Sunday, 3 May 2009

Balinese Expatriates – where their next Indonesian caning is coming from!

By Inspector Spanky
Feb 29, 2008, 02:20

Indonesian girl to be caned: "Bali expats, its your turn next!"
It is very hard to feel sorry for the vast majority of foreign expatriates AKA expats living on Bali, the most derided expat community [sic] in the world, where even Jakarta’s expats, who are hardly the world’s winners, call resident foreigners in Bali every name under the sun and with good reason (just look at the Indonesian Expat Forum). Bali’s expats comprising of ex-cons, western criminals on the run, pedophiles, losers (think about it, Bali is hardly commerce central), hippies, drug abusers, spiritual “la-las” (them that hold Bali as a cultural paradise while the Balinese themselves suffer), de facto Nazis (those who like to bully and abuse the local population in other ways) and OK, the odd decent western island life seeker as well. But you have got to feel sorry for this generally tasteless, sordid and often downright nasty group of people recently, as they get theirs!

First the immigration authorities in Bali started “clamping down” on expats who basically abused holiday visas employing so called “visa runs” to illegally live on the island. Of course the immigration officers are very flexible when they clamp down as it is very profitable for them as individuals to do so; ching, ching! Of course this was previously the extremely corrupt and woefully inept police’s main tool of choice to extort money from foreigners living in Bali, but when the immigration officers moved in on their profit margins by securing special visa privaledges for many expats, the police had to move onto their second most profitable extortion method, narcotics, and expand it. So many of Bali’s expats are “dope-heads”, a testament to their IQ in a country where possession is no misdemeanor and being caught with too much can result in the death penalty. But unless someone, an aggrieved associate perhaps, substantially fingered them they could at least continue their spiritual enhancing habit in the secure knowledge the Balinese police are so bad at policing they were unlikely to get caught. Ah but then the cunning Bali POLDA (police) came up with a cunning plan to compensate for the fact their officers couldn’t catch a cold, they began to plant drugs on foreign expats in order to extort more money from them in lieu of lost earnings from visa busts; oh yes they did, the (former) Czech Consul for Bali even sent out a newsgroup warning about this.

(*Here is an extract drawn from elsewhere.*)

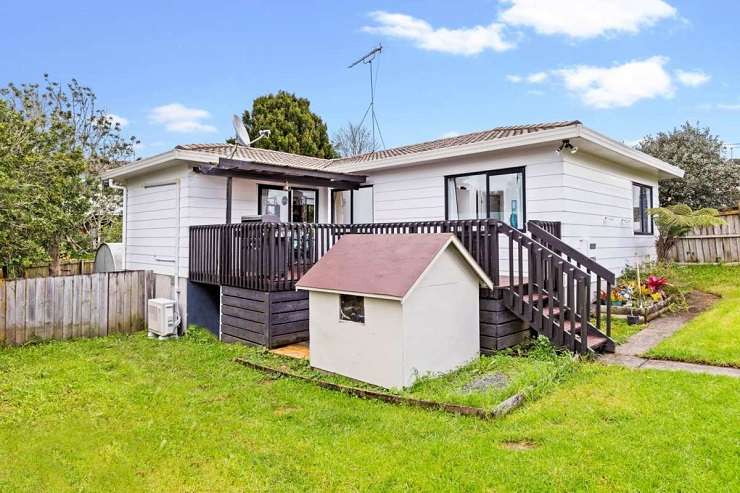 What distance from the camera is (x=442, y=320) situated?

Next came news that the hotel industry in Bali, which is basically controlled by Suharto’s family and close friends, decided that falling profitable western tourist figures against an increasing western owned villa business market share had gone far enough. Fortunately for these Javanese hoods, excuse us, business people was the fact foreigners could not legally own nor operate holiday villas in Bali, despite the fact they had stood by for years and saw a whole very, very nasty real estate industry build up telling these poor schleps they could! So then, easy enough; have the authorities clamp down on these illegal villa operations by insisting they become registered and legal when they could not, then the hotels would pick up the tourists who could no longer book into these foreign “owned” villas. Of course the authorities tried to do all of this under the feign of legitimacy but accounts of back “tax” demands amounting to more than each villa’s worth showed it was nothing to do with getting these properties legal, but rather giving foreign money trees' wallets a good self serving caning. As more and more foreigners were forced to realize they could not own property and / or run an accommodations business in Bali, despite the fact the authorities still allowed the nasty real estate masses to say they could, foreign owned villa after foreign owned villa were and still are being forced to close down.

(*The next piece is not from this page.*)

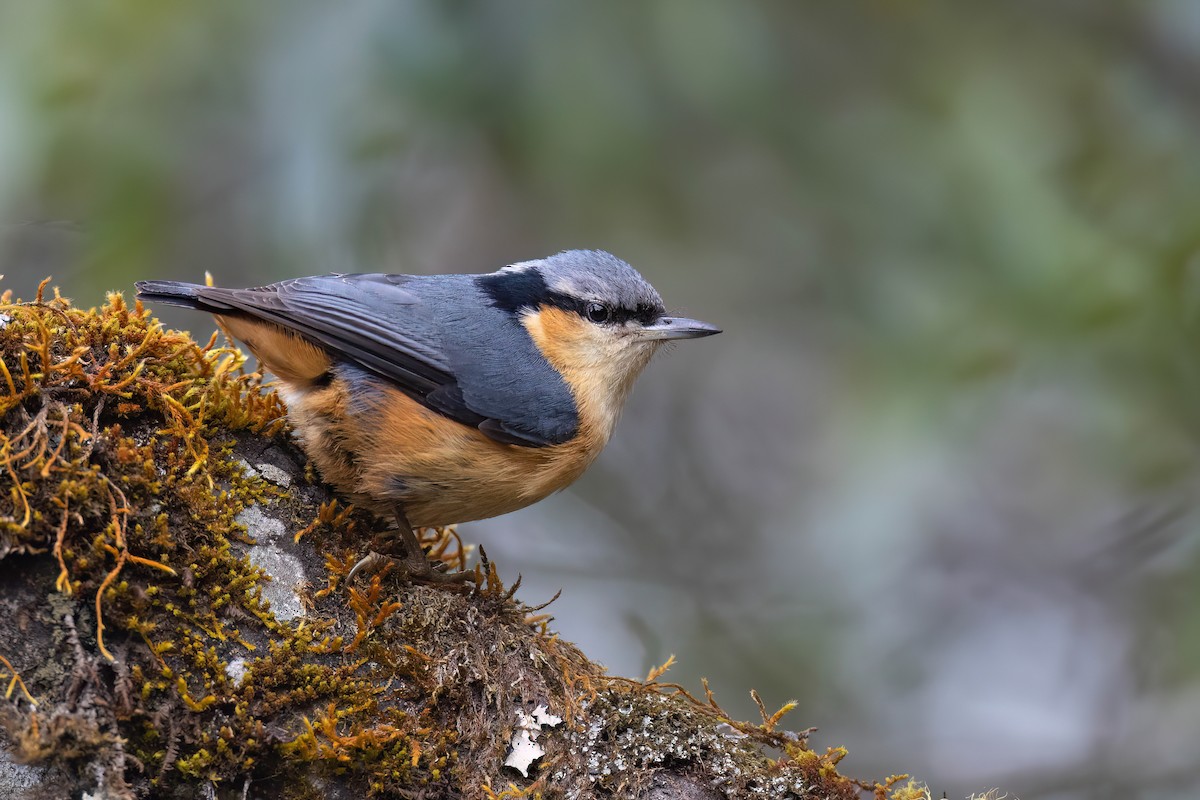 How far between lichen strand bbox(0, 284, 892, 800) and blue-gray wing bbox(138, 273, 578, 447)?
32 cm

Naturally the taxation officials and police are very flexible towards foreigners who “own” villas in Bali if they receive a “little” backhanded cash incentive to be so; the problem being there is much less profitable independent western traveler type tourism coming to the "paradise" island these days, so less cash in the villa owners’ pockets to be able to afford this flexibility. Ironically and thankfully this hotel industry and let us not forget Jack Daniels of Bali Discovery Tours (he collected the initial list of illegal foreign owned villas for the authorities) sponsored nasty, jealous act backfired on the Indonesian tourism industry. You see, villa loving westerners were quite rightly a little disgusted about what was going on and decided to give Bali a miss altogether. Some of these quite naturally so because villas and rooms owned and operated by hotel groups and the Javanese are simply not up to the standard of those which were being closed down by the nasty Balinese authorities. In fact the act has actually cost Bali’s hotels more then it gained them. Now most if not all of the so called large luxury resorts in Bali are having to offer “down to the bone” packages to Javanese and Asian guests, reducing further their standards and luster with discerning western tourists. OK, western red necks and camera clicking, breakfast table Marlboro smoking Asian package tourists think they have a good deal, but they are not earning the hotels much money and are actually further putting the fat wallets off!

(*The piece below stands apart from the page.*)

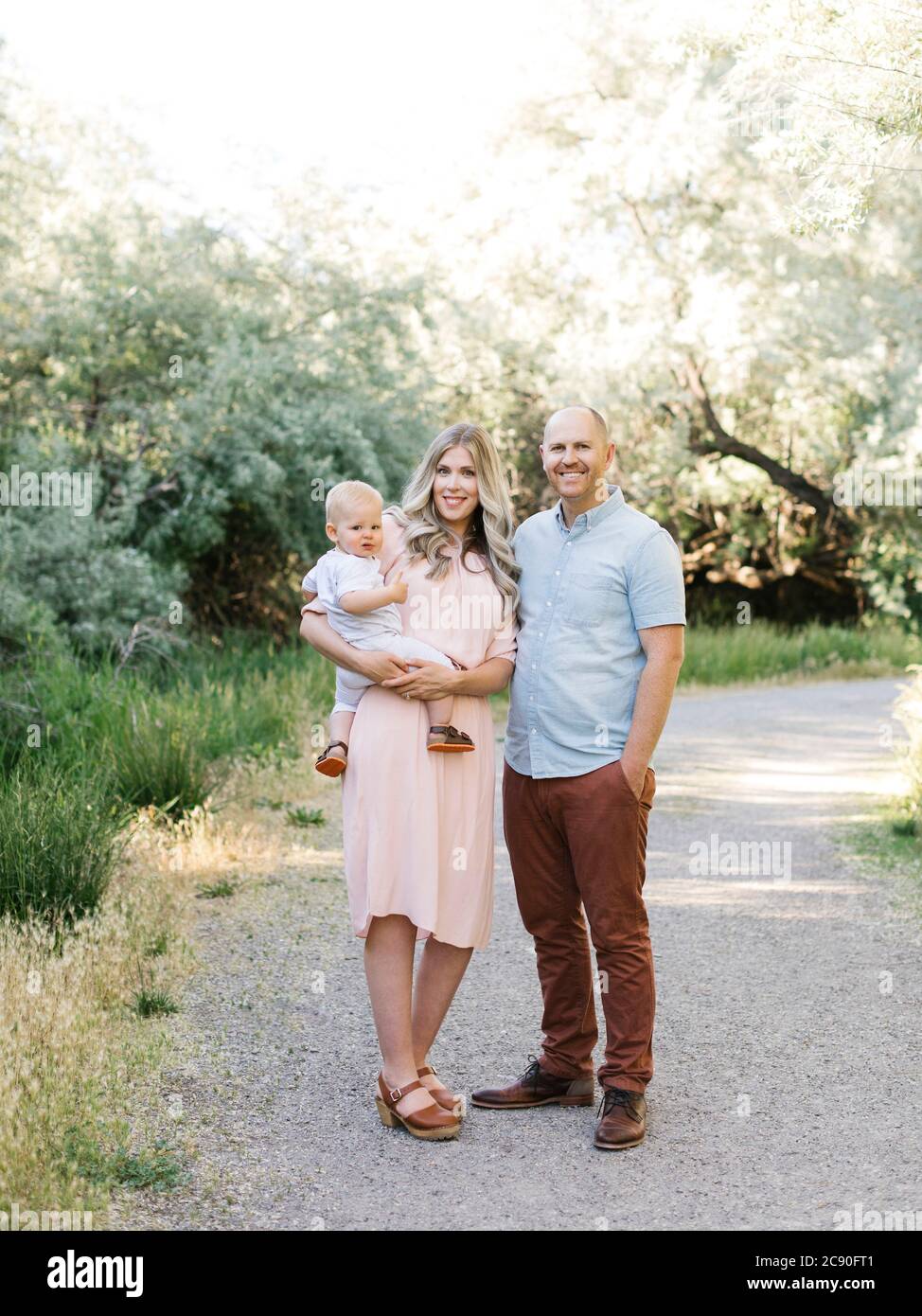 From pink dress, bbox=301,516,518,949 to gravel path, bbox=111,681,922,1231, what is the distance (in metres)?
0.69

As a side story we wonder just how many of the Bali expatriate cuckoo brigade, the ones that have been there so long they even have given themselves Balinese names, are really aware of what lies down the road for them! You see many of these foreign wannabe Balinese males married local girls and then bought land and houses in their wives’ names. Ooops! Unfortunately Indonesian law expressly forbids any foreigner having a claim to land title in Bali, which foreign men would have if they subsequently divorced their Balinese wives, so the way the authorities got around this problem was to forbid Indonesian women who had married a foreigner to be able to own land after the marriage. Of course western women marrying Indonesian men do not have this problem as they have no rights as women under Indonesia’s nasty Sharia based laws to anything if their husband divorces them. Some foreigners recently realizing this problem have gone to the extreme of renouncing their foreign citizenship in order to acquire Indonesian citizenship, whereby they can own land. Trouble still lurks though for those who changed their citizenship to Indonesian (you have to feel sorry for them) after they / their spouses illegally bought land. You see, the previous land owner thereby has a claim to get what they sold back, gratis, and the authorities still have such documented events to come and extort a buck or thousands from them over!

Anyway, on to the next financial (extortion) caning for the west’s finest [sic] residents on Bali; income tax! Oh dear, did no-one ever explain to them that Indonesia has some pretty draconian, of course, taxation laws? Item one; Any foreigner who is in Indonesia for a total of more then 2 months in any given 12 month period must, repeat must register for personal taxes whether or not they are actually liable to pay tax or not. Tax registration involves obtaining a “NPWP” tax number; if you fail to do this it could well mean imprisonment for a maximum of six years (that is a long time in some of the worst jails in the world) and a maximum fine of four times the total amount of tax due (or a very big extortion bung). Item two: Indonesia taxes people on their worldwide incomes, including income (interest) from overseas investments / deposit accounts and pensions. So even retired people in Bali have to do this and likely pay taxes, which is not what they expected or rather are used to, especially as NPWP requires monthly tax office reports on incomes and various other financial activities! Of course even the dumbest extorting clod in Indonesian uniform can work out foreigners that have nice things and eat out have to pay for this from somewhere, so it is going to increasingly get very hard to avoid.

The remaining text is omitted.